Participantes de seminário cobram mais justiça para anistiados do regime militar

O tema foi debatido no seminário realizado pela Comissão de Legislação Participativa e de Direitos Humanos e Minorias.
28/08/2019 10h36

Participantes do seminário realizado nesta terça-feira (27), na Câmara dos Deputados, os 40 anos da Lei de Anistia (Lei 6.683/79) defenderam a adoção no Brasil de uma justiça de transição que enfrente de fato um passado de regime militar (1964-1985), quando houve restrição de direitos, perseguições e mortes. A lei completa quarenta anos hoje (28).

Conforme explicou a procuradora federal dos Direitos do Cidadão, Deborah Duprat, a justiça de transição tem como objetivos a reparação, a construção de locais de memória, a reforma das instituições e principalmente a responsabilização dos culpados pela prática de violência. “A não responsabilização vai em algum momento da História enfraquecer as outras dimensões da justiça de transição”, acredita.

O vice-presidente da Comissão Nacional de Direitos Humanos da Ordem dos Advogados do Brasil (OAB), Everaldo Bezerra Patriota, também reclamou de o Brasil ainda não ter feito a justiça de transição. “Precisamos fazer o julgamento dos perpetradores do crime, o estabelecimento da verdade desse período, o registro, o reconhecimento, a visibilidade e a memória. A gente tem que resgatá-la por inteiro, com oferecimento de reparação às vítimas”, defendeu.

Abertura
A Lei da Anistia fez parte de um conjunto de medidas tomadas no contexto da abertura política do regime militar. Foram anistiados tanto aqueles que praticaram crimes políticos; como militares e outros agentes do Estado, entre 1961 e 1979.

Para Deborah Duprat, a lei padece de contradições em razão de ter sido criada ainda dentro do regime militar, por um congresso formado de senadores biônicos (nomeados). “Ela anistia irrestritamente crimes praticados por agentes do Estado. Só que esses crimes não são políticos. Crimes políticos são crimes praticados contra o Estado. Os agentes que torturavam e matavam agiam em nome do Estado, em favor do Estado”, observou.

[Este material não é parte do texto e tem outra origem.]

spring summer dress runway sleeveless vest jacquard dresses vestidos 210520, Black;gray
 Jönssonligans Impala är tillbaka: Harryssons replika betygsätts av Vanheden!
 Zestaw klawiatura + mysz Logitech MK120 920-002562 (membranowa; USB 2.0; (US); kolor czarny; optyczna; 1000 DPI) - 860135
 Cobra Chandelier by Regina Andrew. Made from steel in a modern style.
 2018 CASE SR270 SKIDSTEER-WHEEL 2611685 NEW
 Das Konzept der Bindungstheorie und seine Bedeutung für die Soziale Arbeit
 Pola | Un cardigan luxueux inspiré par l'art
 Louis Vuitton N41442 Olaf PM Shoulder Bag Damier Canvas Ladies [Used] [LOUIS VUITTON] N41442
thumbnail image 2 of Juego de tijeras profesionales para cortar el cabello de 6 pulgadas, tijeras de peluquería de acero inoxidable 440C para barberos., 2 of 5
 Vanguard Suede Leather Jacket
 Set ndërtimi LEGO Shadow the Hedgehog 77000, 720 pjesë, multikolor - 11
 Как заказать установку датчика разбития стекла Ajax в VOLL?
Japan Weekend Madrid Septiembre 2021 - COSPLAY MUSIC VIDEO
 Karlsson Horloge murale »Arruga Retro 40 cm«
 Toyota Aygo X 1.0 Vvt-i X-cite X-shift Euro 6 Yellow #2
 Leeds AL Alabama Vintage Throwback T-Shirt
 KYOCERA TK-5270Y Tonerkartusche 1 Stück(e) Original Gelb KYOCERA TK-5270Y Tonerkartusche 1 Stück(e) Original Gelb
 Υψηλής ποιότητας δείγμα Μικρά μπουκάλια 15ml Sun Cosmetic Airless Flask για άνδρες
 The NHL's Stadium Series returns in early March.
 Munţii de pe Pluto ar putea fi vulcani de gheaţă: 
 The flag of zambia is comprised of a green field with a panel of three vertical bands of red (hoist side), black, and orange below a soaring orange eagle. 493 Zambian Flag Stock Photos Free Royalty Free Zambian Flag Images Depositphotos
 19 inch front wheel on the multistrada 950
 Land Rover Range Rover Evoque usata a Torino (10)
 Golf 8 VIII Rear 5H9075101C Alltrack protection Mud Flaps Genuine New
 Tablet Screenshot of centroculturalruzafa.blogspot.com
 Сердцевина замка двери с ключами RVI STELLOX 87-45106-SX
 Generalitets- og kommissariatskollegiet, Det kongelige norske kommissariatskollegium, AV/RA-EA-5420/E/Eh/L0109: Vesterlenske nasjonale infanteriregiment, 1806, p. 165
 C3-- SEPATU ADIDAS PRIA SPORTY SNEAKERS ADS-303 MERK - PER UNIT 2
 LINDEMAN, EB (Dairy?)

A procuradora lembrou ainda que a lei não se aplica a casos de sequestro e de atentado pessoal, mas questionou o que seriam as prisões ilegítimas e o sumiço de corpos senão atentados de sequestro. “A lei nunca pode ser compreendida como uma lei que anistiou agentes do Estado que praticaram essas graves violações dos direitos humanos”, criticou Duprat.

Vitória
Ex-preso político e secretário dos Direitos Humanos no governo Lula, o ex-deputado Nilmário Miranda disse, por outro lado, que não se pode tirar o caráter de vitória da Lei de Anistia. “Tantos voltaram [do exílio], milhares voltaram e ajudaram a apressar o fim da ditadura, graças à anistia. Partidos inteiros saíram da clandestinidade”, declarou.

O conselheiro representante dos anistiados na Comissão de Anistia, Vitor Mendonça Neiva, disse que a anistia foi uma conquista porque reconheceu uma ferida aberta. “Hoje tudo que a gente sofre é porque essa ferida gangrenou.”

Comissões
O seminário foi promovido pelas comissões de Legislação Participativa e de Direitos Humanos e Minorias. O Presidente da Comissão de Legislação Participativa e um dos parlamentares que sugeriram o evento, o deputado Leonardo Monteiro (PT-MG), reconheceu que a Lei de Anistia contribuiu para o retorno da democracia ao Brasil após o regime militar, mas disse que o debate ainda permanece em aberto. “Vivemos um cenário de perigosos retrocessos, capitaneados pelo atual governo, que podem ser exemplificados pelas recentes alterações na comissão sobre mortos e desaparecidos políticos”, disse, referindo-se à troca de integrantes do colegiado promovida pelo governo no início do mês.

O presidente da Comissão de Direitos Humanos e Minorias, deputado Helder Salomão (PT-ES) também é da opinião de que “os tempos obscuros” estão de volta. “Novas perseguições estão ocorrendo, porque vivemos em um tempo em que o governo não preza pela democracia, onde o governo de forma desavergonhada defende a tortura, celebra o regime militar, portanto zomba de todos os brasileiros que ao longo desses 40 anos lutam por garantia de direito, dignidade, vida, democracia, liberdade”, afirmou.